China’s “buy everything while you can” strategy has led to widespread chip stockpiling, and Chinese manufacturer SMIC aims to produce 50,000 wafers per month at the 7-nanometer level by late 2025.

Allen said Huawei’s chips still trail Nvidia’s, but the rise of DeepSeek’s open-source community could strengthen Huawei’s Compute Architecture for Neural Networks framework and pose a long-term challenge to U.S. dominance in AI software.

Nvidia CEO Jensen Huang described China as being “nanoseconds behind” the United States in AI capabilities — a remark that carries weight given his acknowledgment that Nvidia’s 95 percent market share in China has dropped to zero.

And, nearly a year after it burst into the spotlight, DeepSeek released a new experimental large language model in September that it claimed offers better training and reasoning while operating at a lower cost. The Chinese venture said its model uses a “sparse attention” technique that cuts application programming interface costs in half.

One indicator of DeepSeek's open-source AI influence is popularity among developers and researchers. Hugging Face, a leading platform for sharing open-weight AI models, tracks engagement through “likes.” By this measure, China’s DeepSeek currently leads the field, with 12.8K likes — roughly double that of Meta’s Llama top model (6.3K). OpenAI ranks fifth with 4.0K.

Will ‘Great Power Competition’ hold?

The past year underscored how deeply AI competition is now intertwined with trade policy and national security.

Broadband Breakfast reported in October that Samm Sacks, a senior fellow at Yale Law School’s Paul Tsai China Center, said China scored a rhetorical advantage by casting itself as an inclusive, multilateral leader, while the U.S. under the Trump administration was framing its approach to global affairs around dominance. 

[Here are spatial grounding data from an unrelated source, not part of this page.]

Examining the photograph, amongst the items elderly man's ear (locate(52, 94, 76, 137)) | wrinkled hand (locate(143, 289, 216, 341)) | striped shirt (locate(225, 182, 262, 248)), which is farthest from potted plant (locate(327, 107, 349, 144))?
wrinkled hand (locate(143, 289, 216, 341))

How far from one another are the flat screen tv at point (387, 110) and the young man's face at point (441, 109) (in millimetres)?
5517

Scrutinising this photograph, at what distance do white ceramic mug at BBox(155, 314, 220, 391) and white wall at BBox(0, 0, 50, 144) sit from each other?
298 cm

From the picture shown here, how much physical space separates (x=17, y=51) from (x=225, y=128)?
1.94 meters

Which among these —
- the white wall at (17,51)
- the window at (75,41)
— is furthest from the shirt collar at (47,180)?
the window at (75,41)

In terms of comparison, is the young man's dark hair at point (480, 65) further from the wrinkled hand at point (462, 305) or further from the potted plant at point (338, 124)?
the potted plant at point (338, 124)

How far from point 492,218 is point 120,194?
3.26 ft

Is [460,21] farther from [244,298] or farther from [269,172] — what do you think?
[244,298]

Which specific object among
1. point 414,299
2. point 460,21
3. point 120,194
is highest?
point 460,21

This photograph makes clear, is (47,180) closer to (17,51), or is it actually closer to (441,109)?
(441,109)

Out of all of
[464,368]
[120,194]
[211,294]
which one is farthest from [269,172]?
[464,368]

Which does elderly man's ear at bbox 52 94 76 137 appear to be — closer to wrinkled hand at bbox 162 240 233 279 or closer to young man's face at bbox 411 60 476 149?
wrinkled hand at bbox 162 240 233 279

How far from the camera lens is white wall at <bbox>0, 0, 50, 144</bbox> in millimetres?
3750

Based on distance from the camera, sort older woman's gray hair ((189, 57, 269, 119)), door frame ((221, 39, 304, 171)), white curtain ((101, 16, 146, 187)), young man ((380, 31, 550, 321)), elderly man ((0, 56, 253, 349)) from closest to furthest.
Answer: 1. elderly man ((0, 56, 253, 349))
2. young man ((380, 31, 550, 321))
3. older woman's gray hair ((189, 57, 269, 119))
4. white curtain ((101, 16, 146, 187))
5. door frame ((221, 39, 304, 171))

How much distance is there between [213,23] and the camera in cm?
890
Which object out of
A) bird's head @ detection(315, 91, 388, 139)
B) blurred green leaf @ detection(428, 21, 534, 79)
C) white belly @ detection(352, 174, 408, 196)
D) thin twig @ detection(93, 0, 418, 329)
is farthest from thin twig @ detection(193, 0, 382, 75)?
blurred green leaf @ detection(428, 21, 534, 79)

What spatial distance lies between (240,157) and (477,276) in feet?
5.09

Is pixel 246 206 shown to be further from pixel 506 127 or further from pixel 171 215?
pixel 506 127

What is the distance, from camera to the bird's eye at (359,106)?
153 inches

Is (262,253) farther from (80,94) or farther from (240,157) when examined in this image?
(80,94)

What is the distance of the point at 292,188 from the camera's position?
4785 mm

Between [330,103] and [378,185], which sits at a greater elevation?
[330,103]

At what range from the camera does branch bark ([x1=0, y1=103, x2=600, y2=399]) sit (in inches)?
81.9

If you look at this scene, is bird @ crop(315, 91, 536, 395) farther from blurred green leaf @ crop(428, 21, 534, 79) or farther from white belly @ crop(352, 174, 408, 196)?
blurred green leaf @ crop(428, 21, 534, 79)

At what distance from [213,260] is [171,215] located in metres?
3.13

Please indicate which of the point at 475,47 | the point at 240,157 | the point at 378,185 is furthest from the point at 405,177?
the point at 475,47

Sacks cautioned that developing nations are reluctant to be drawn into the U.S.–China rivalry and urged Washington to balance openness and democratic values without overreach.

Indeed, after years of bipartisan support for a tough “Great Power Competition” stance toward China, new data from the 2025 Chicago Council Survey shows that American public opinion has shifted: 53 percent of participants now favor friendly cooperation and engagement with Beijing—up sharply from 2024. Views on U.S.-China trade are now evenly split: about half said it strengthens national security, half said it weakens it.